The project builds on some fine campaigning work in which Galway Cycling Campaign, the Irish Pedestrian Network and Cyclist.ie focused on speeding and the need for safe, usable space across the country, for people to shop, exercise and commute by active travel means during the crisis. This initiative was supported by The Irish Heart Foundation, the Irish Cancer Society and the Association for Health Promotion Ireland – see the Irish Heart Foundation joins call for safer streets. The project also builds on the work of Better Ennis with, for example, their open letter to the local Council requesting healthier streets during the pandemic. Huge credit is due to campaigners across the country advancing this advocacy work as it has raised the profile of the issues and of the need for Local Authorities (LAs) to engage more fully on public health matters.
The essence of this Rethink Ireland funded project is around strengthening the capacity of Cyclist.ie as an effective non-governmental organisation (NGO) to create further change. This means:
– Building up our knowledge base at local, national and international levels on what is happening to enable cycling during the pandemic (e.g. by drawing on the ECF Covid Tracker tool referred to above)
– Engaging constructively with LAs countrywide (e.g. through the Transportation or Infrastructure Strategic Policy Committees (SPCs) on which some local Cyclist.ie member groups are represented – and through further direct contacts with officials)

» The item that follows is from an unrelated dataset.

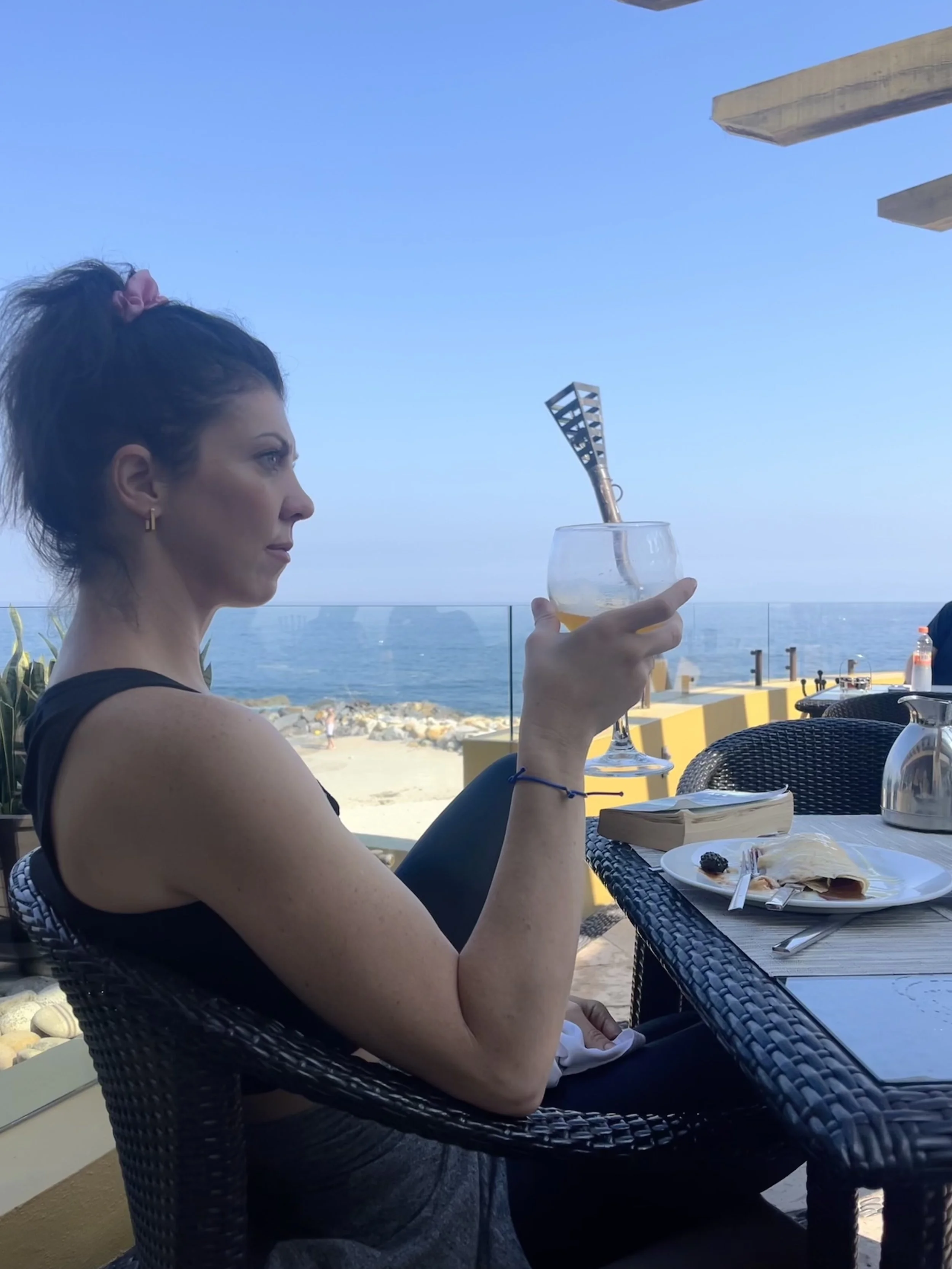 woman looking out over ocean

– Building wider support and alliances for Cyclist.ie’s advocacy work – with businesses, health bodies and other NGOs. On this, Cyclist.ie draws great inspiration from Dropbox’s support for cycling advocacy through its endorsement of the work of Dublin Cycling Campaign (a member group of Cyclist.ie) – see Campaigning Moves up a Gear with the Support of Dropbox
– Engaging with the new Minister for Transport on cycling.
In short, the project is all about building on what Cyclist.ie has been working on since its foundation in 2008, but with the heightened urgency that Covid has prompted. As set out in our funding application in May, the success with Rethink Ireland’s Innovate Together Fund enables Cyclist.ie’s National Cycling Coordinator, Dr. Damien Ó Tuama, to transition from a part-time role towards a full-time position in cycling advocacy. This, in turn, will help to nurture the further growth of effective cycle campaigning countrywide – see the map showing the growing array of cycling advocacy bodies all around Ireland (currently being updated to include new members). Ultimately, this project will support the emergence of strong cycling cultures at local community levels nationwide during and beyond the pandemic.
Once again, Cyclist.ie wishes to sincerely thank Rethink Ireland and the funders of the Innovate Together Fund. We also wish to acknowledge the Cyclist.ie Executive Committee for their input on the funding proposal back in May 2020. We see this funding success as a further stepping stone in strengthening cycling advocacy in Ireland.
Finally, we wish to note here that Cyclist.ie continues to appreciate its strategic partnerships with An Taisce and with Cycling Ireland. These partnerships help to cement cycling advocacy within broader movements around creating a more sustainable system and a healthier population in Ireland.